The end of retail as we know it is near. A quick Google search on “retail apocalypse”is all it takes to convince the average consumer that his or her shopping experience is being cannibalized by retailers' online platforms, and our joyous weekend trips to the mall will soon consist of clicks, not bricks.
Or is this the beginning of an entirely new retail world – one that, across the globe, is turning increasingly virtual? According to Amitaabh Malhotra of Onmyway, international retailers who are prepared to not just survive, but succeed in the industry's future are those who are ready to get techy.
Bankrupt retailer Circuit City plans to relaunch a new website on Feb 15.
As augmented reality usage expands throughout the world, retailers are also looking to embrace virtual aisles as a way to maximize current physical store space. Grocery and convenience store retailers can make efficient use of shelf space by leveraging shoppers' mobile devices as platforms to display related products and expanded selection, simply by pointing one's smartphone at a desired item.

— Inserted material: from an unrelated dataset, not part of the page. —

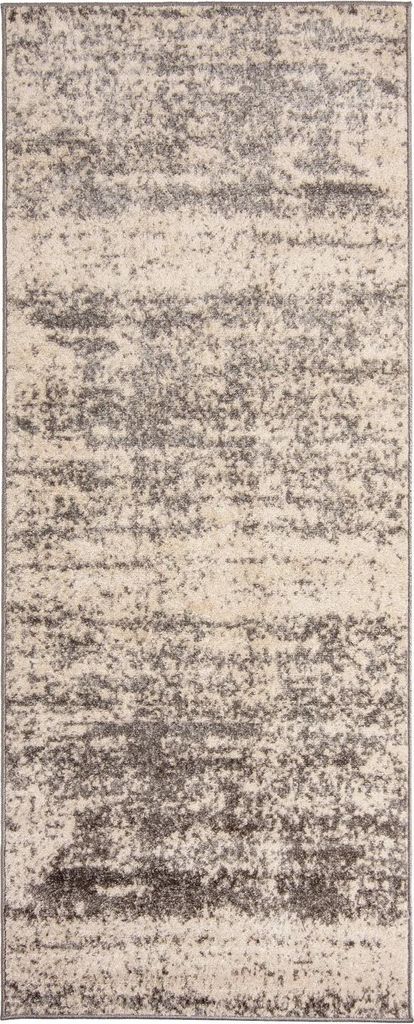 Mazovia Teppich Beige Abstrakt Vintage - Teppich für Wohnzimmer, Schlafzimmer gut für Fußbodenheizung, Graphit Braun Grau - 80x300 cm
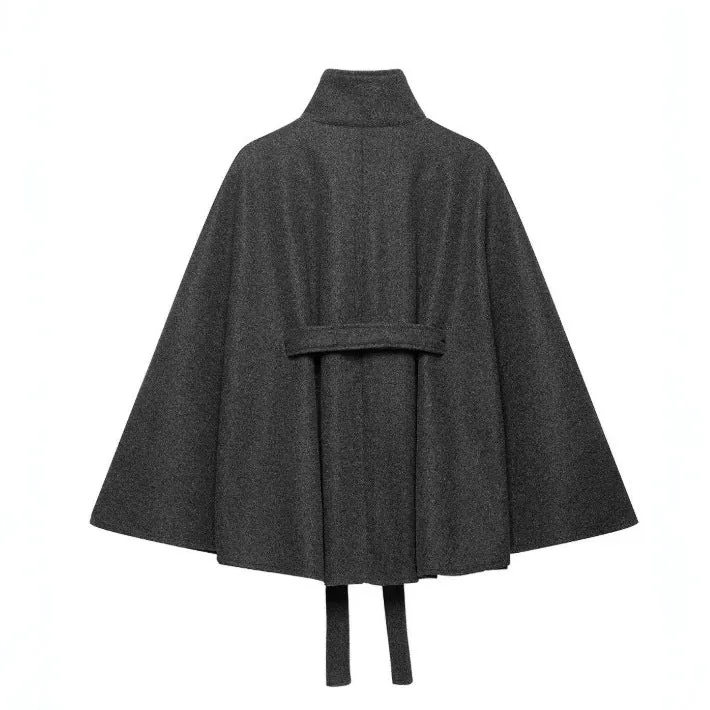Damen Kurzcape aus Wollmix mit hohem Stehkragen und Bindegürtel Drune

From an entertainment standpoint, AR has a promising future as a tool to draw in consumers to spend more time at shopping centers, according to the International Council of Shopping Centers. VR startup Dreamscape Immersive recently collaborated with Westfield Century City to launch a pop-up VR theater called Alien Zoo, which uses body-mapping technology to deliver a unique virtual experience on a space ship.
Watch a trailer for Alien Zoo below:
The “gamification” of technology in stores doesn't end there. Banking on the rise of shopping trips with a twist, retailers are researching methods that would allow mobile devices to sync with a store's digital interface, leading consumers on treasure hunts that reward them in loyalty points, discount pricing or areas of product interest.
Since consumers are primarily occupied by the reality on their phones even when shopping in store, retailers are also prepared to offer a commerce experience which would transform mobile devices into concierges, assisting shoppers with everything from product recommendations to question resolution to seamless self-checkout.
Eventually, international retail will be an industry driven by the technology of the future. But fear not, proponents of physical space – all of those virtual and digital demonstrations have to be displayed somehow. And when they are, the brick-and-mortar champions of the past will remain standing tall, bringing the past and the future together in true retail renaissance.
“Brick and mortar will never go away because brick and mortar is the essence of retail,” Microsoft head of global retailing Greg Jones stated during January's National Retail Federation conference. “But what does need to change is the fabric, or certainly the model….It's not just a destination to buy, it becomes more of a showroom.”